(WORK REQUIRED): Locate the line that contains "2Pcs For Fitbit". Copy it and every following line through the end of the records, exactly, and include nothing else.

Content starts

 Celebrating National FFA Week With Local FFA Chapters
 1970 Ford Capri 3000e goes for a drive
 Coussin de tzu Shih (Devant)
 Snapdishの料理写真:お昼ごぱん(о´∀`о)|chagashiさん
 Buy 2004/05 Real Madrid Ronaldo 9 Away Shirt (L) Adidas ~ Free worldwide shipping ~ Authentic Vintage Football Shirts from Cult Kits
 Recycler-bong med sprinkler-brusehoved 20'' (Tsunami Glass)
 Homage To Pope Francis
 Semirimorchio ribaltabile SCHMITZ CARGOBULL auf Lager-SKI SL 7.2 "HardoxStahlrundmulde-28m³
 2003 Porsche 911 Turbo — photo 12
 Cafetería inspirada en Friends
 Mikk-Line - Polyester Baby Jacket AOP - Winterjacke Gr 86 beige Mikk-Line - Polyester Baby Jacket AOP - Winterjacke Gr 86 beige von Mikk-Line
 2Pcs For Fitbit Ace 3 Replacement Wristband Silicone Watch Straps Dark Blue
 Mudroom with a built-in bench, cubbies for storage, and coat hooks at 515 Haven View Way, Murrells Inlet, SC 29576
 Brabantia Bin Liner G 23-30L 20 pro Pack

Content ends

(THE ANSWER):
 2Pcs For Fitbit Ace 3 Replacement Wristband Silicone Watch Straps Dark Blue
 Mudroom with a built-in bench, cubbies for storage, and coat hooks at 515 Haven View Way, Murrells Inlet, SC 29576
 Brabantia Bin Liner G 23-30L 20 pro Pack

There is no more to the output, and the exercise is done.